_Problem statement_.
Retype, word for word, each line between the lines holding "第316话 肤浅的爱情-第318话" and "燃气电热水器温度探头限温器加热器温控器小厨宝通用可调节测温头二脚", inclusive, and leave the rest of the data alone.

_Entries supplied_.

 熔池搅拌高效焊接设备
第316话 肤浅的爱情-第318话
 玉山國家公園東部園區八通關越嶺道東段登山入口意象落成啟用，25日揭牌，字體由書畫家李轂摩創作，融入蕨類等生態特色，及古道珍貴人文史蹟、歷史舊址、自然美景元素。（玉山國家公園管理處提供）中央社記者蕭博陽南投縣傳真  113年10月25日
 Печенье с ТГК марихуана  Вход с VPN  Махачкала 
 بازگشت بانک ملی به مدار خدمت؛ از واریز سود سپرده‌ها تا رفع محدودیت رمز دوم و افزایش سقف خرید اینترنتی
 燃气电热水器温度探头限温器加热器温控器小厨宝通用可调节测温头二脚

...

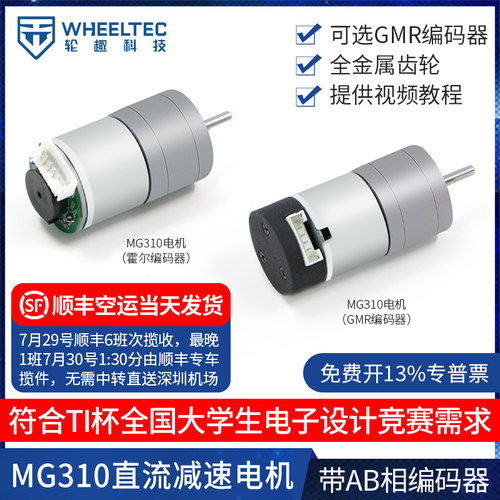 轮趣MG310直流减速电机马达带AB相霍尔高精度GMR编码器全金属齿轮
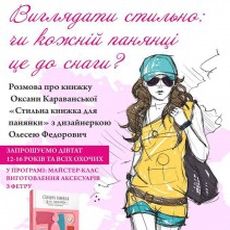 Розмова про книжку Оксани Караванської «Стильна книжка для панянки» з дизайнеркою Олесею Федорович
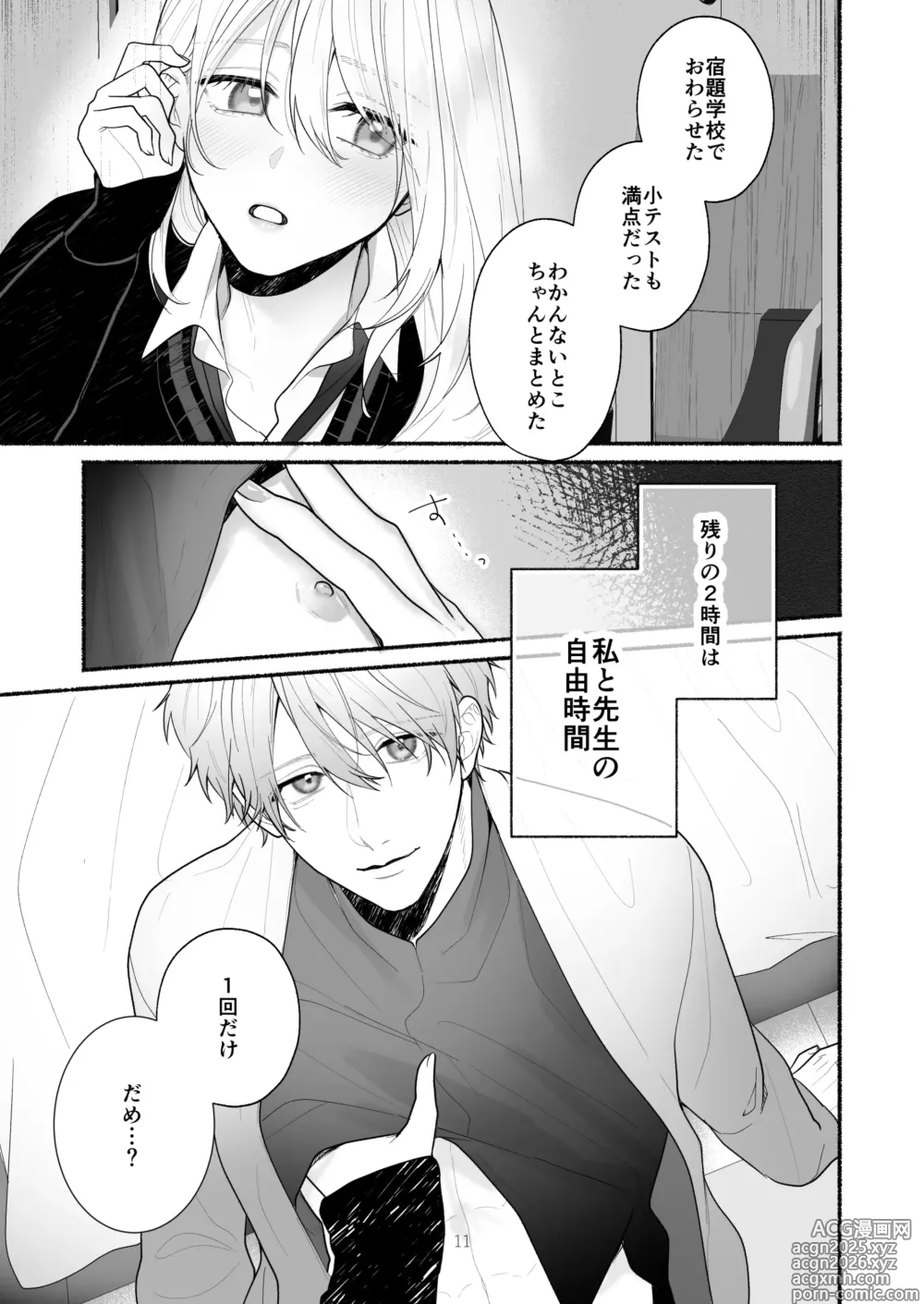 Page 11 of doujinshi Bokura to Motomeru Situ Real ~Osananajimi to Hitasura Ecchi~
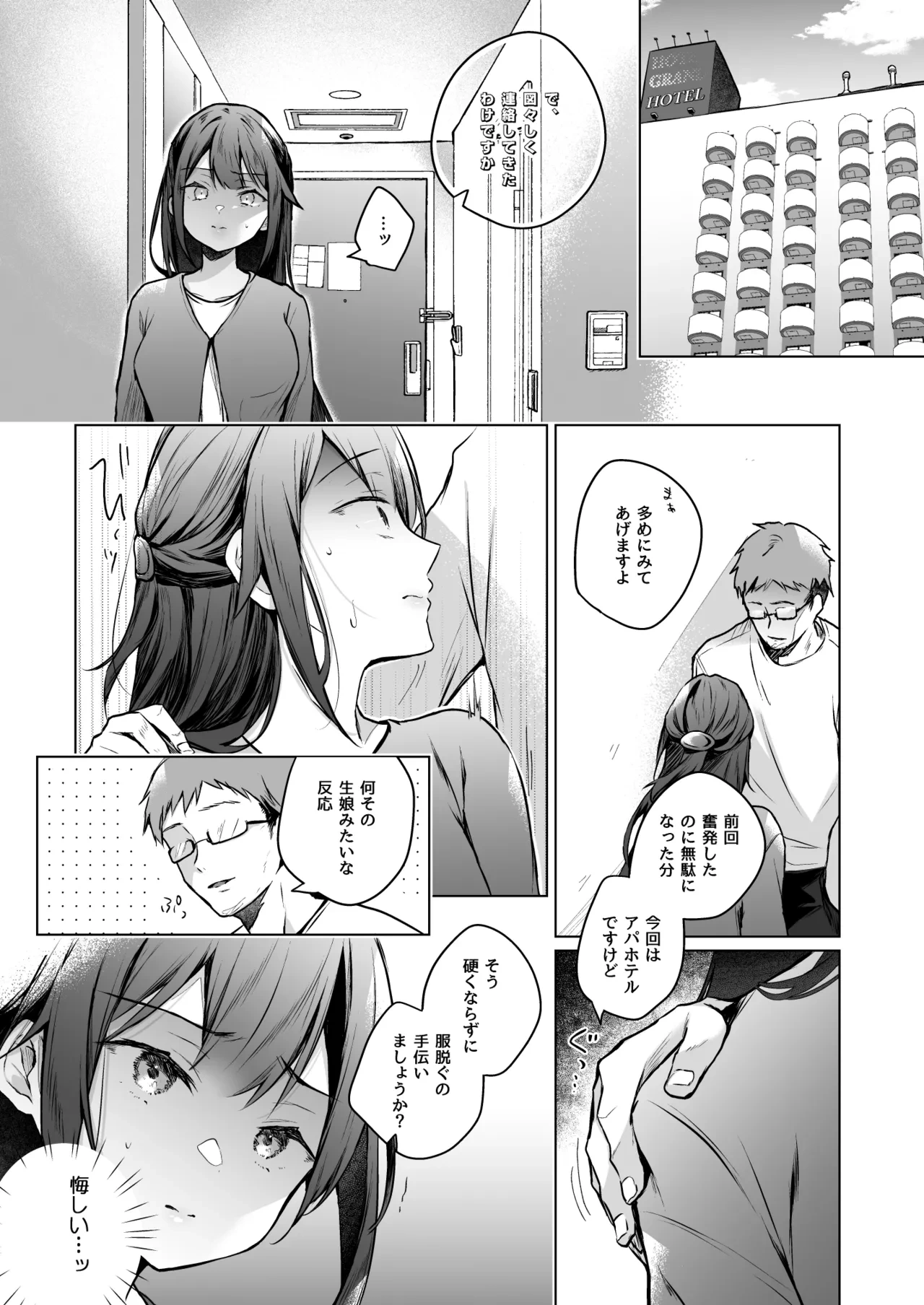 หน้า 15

_Response to this exercise_.
第316话 肤浅的爱情-第318话
 玉山國家公園東部園區八通關越嶺道東段登山入口意象落成啟用，25日揭牌，字體由書畫家李轂摩創作，融入蕨類等生態特色，及古道珍貴人文史蹟、歷史舊址、自然美景元素。（玉山國家公園管理處提供）中央社記者蕭博陽南投縣傳真  113年10月25日
 Печенье с ТГК марихуана  Вход с VPN  Махачкала 
 بازگشت بانک ملی به مدار خدمت؛ از واریز سود سپرده‌ها تا رفع محدودیت رمز دوم و افزایش سقف خرید اینترنتی
 燃气电热水器温度探头限温器加热器温控器小厨宝通用可调节测温头二脚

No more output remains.